DATASET RECORDS:
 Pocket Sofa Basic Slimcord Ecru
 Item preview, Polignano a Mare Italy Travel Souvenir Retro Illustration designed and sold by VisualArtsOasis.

==

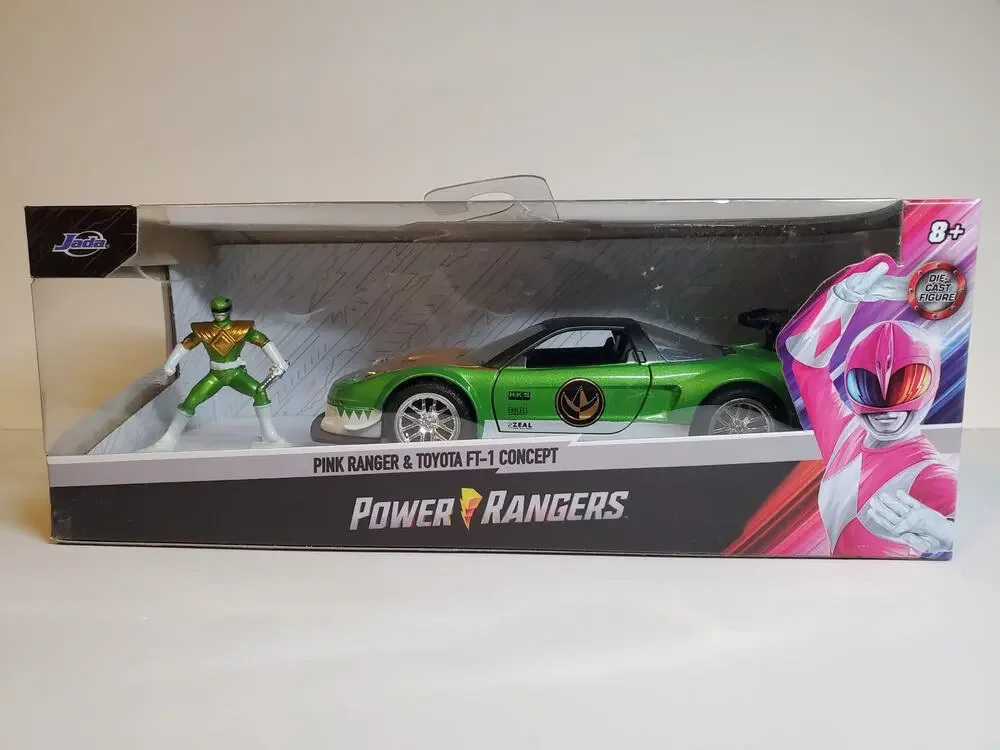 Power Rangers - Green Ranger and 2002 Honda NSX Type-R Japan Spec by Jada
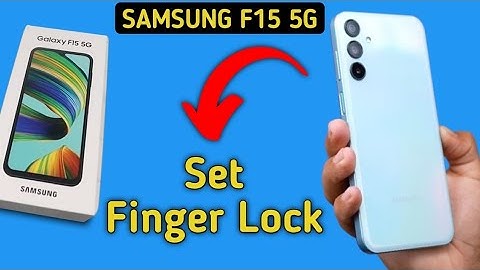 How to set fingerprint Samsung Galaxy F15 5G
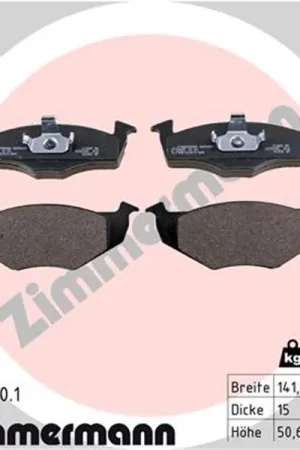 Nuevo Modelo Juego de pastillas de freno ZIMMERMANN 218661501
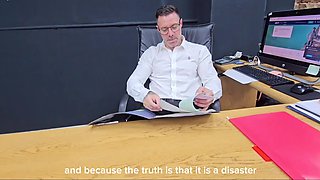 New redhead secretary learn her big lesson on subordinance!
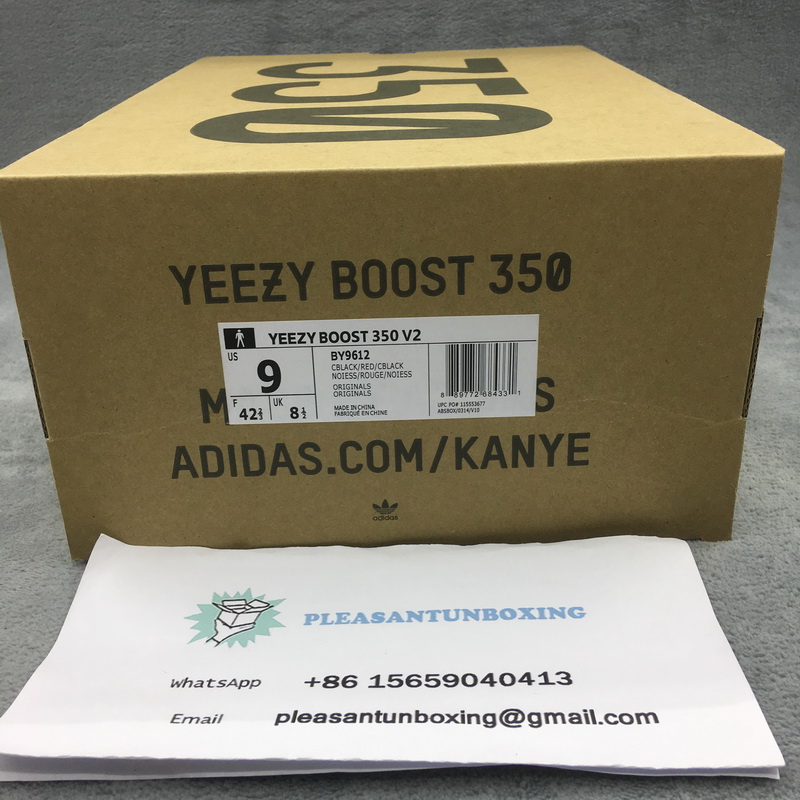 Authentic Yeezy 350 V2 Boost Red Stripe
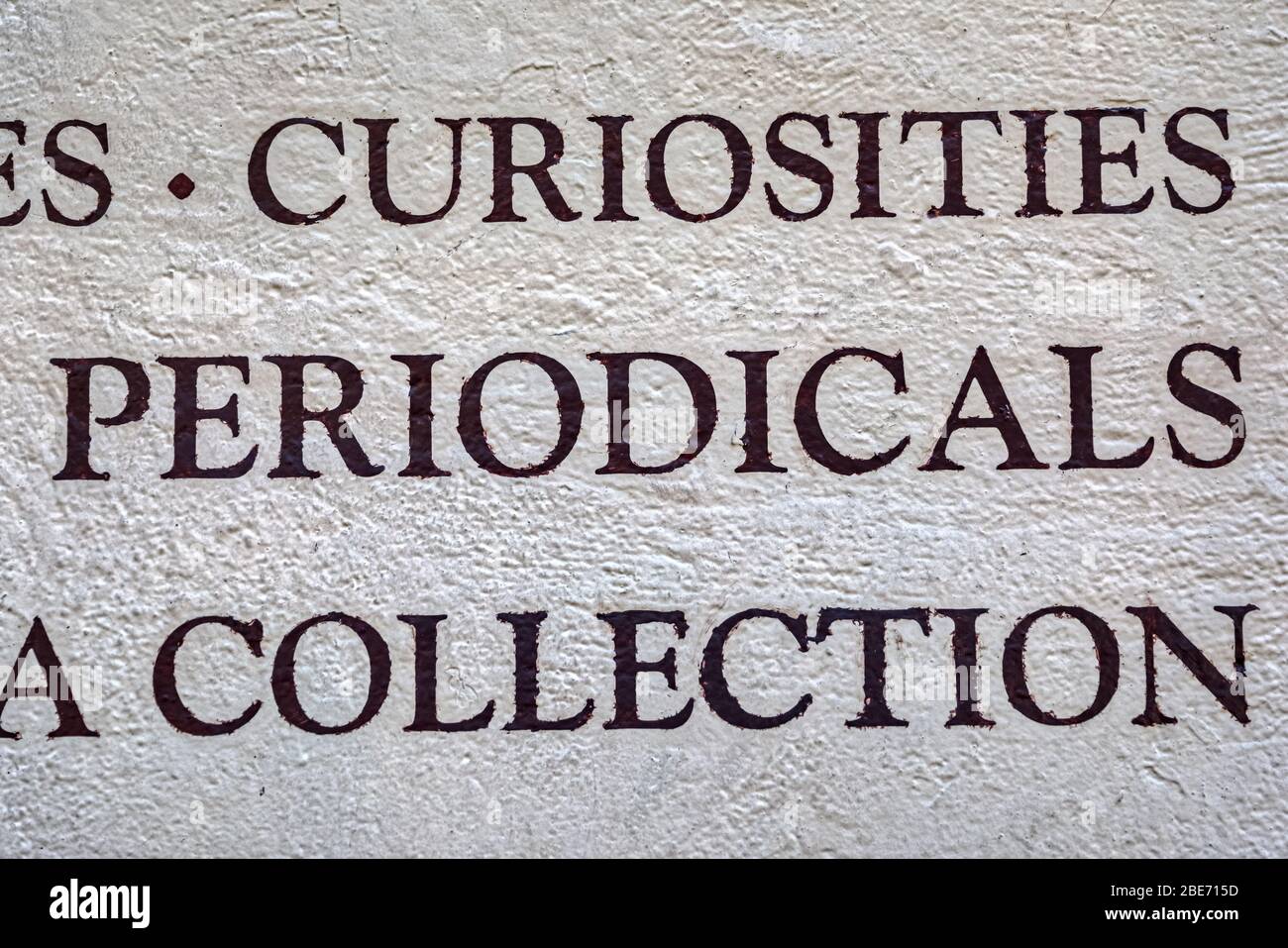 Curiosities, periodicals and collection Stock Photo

ASSIGNED TASK: Set down word for word the lines above from the one with "Authentic Yeezy 350 V2 Boost Red Stripe" up to and including the one with "Curiosities, periodicals and". Omit every picture.

RESPONSE TO THIS TASK:
 Authentic Yeezy 350 V2 Boost Red Stripe
 Curiosities, periodicals and collection Stock Photo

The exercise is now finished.